Exercise aim
Reproduce the lines below from the one that contains "Подушка двс левая" through the end, inclusive, and add nothing.

========================================================================

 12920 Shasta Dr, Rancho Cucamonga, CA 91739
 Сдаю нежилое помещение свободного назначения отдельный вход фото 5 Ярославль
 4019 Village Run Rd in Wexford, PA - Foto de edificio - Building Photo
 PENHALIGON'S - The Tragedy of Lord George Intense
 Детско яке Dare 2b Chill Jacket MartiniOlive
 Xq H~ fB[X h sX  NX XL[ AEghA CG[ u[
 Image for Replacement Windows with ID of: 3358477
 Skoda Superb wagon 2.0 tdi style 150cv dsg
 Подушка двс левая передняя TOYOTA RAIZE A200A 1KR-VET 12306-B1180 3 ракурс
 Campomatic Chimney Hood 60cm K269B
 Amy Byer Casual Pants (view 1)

========================================================================

Answer area
 Подушка двс левая передняя TOYOTA RAIZE A200A 1KR-VET 12306-B1180 3 ракурс
 Campomatic Chimney Hood 60cm K269B
 Amy Byer Casual Pants (view 1)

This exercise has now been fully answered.